Matthew 5:31-32,  on divorce and adultery

5:31 “It was also said, ‘Whoever shall put away his wife, let him give her a writing of divorce,’ {Deuteronomy 24:1}
5:32 but I tell you that whoever puts away his wife, except for the cause of sexual immorality, makes her an adulteress; and whoever marries her when she is put away commits adultery.”

(Matt 5:31-32 WEB)

Making an adulteress

Various prophets depicted the relationship between God and Israel as a marriage in which the Lord was the groom and his chosen people the bride. This bond was intended to ensure absolute fidelity so long as the nation might survive. Therefore, God hates divorce (Mal 2:16).

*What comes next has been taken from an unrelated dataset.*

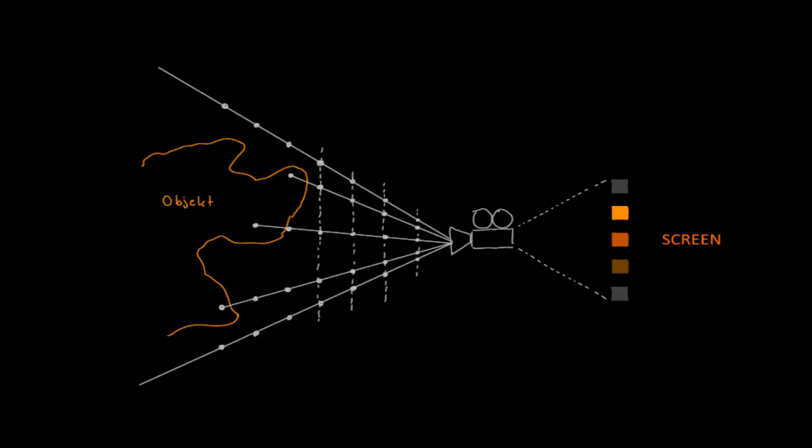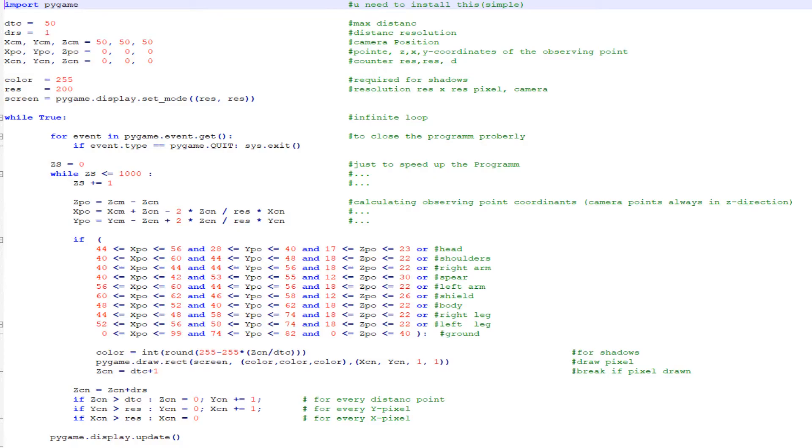So what does this program do exactly? It looks for every point in the space and determines if there is an object or not. If there is an object, the pixel on our screen is set.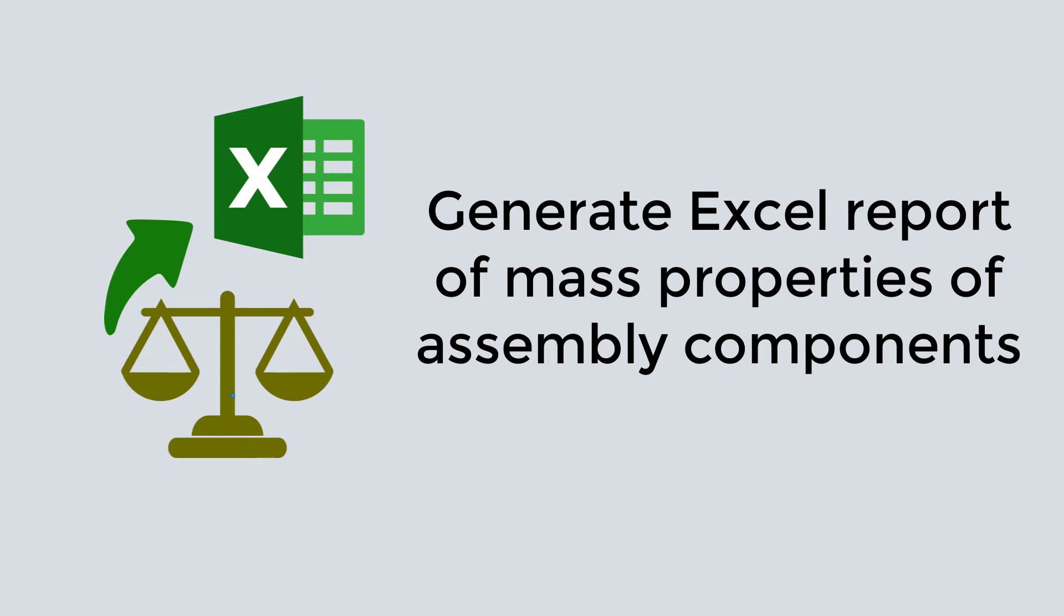Hello, in this short video I will demonstrate how to batch export mass properties from your assembly in Excel report.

Moses allowed unilateral divorce, so a man could divorce his wife but not vice-versa. The husband did so by giving his wife a formal bill of divorce. By Jesus’ day Rabbi’s were allowing such bills of divorce to be written for all manner of reasons. Jesus, however, stressed that Moses only permitted divorce because men were not prepared to live up to God’s ideal (Mark 10:4-5).

In Matt 5:43-48, Jesus encouraged his disciples to model their behaviour toward enemies on that of God and to emulate God’s perfection. Here he re- introduces that theme, by condemning unilateral divorce except on the grounds of adultery. The sole exception is allowed because God, after suffering the persistent spiritual adultery of Israel’s Northern Kingdom (i.e. their worship of other gods), wrote a certificate of divorce (Jer 3:8) and left them to their own devices.

A marriage involves vows to God by both the husband and the wife, but in a society where women generally depended upon men for their upkeep, divorce effectively forced a woman to contravene her promise to God and find another partner in order to survive. Unless she had already rendered herself legally dead by committing adultery, the original marriage still existed in God’s eyes. Therefore, anyone marrying her also committed adultery.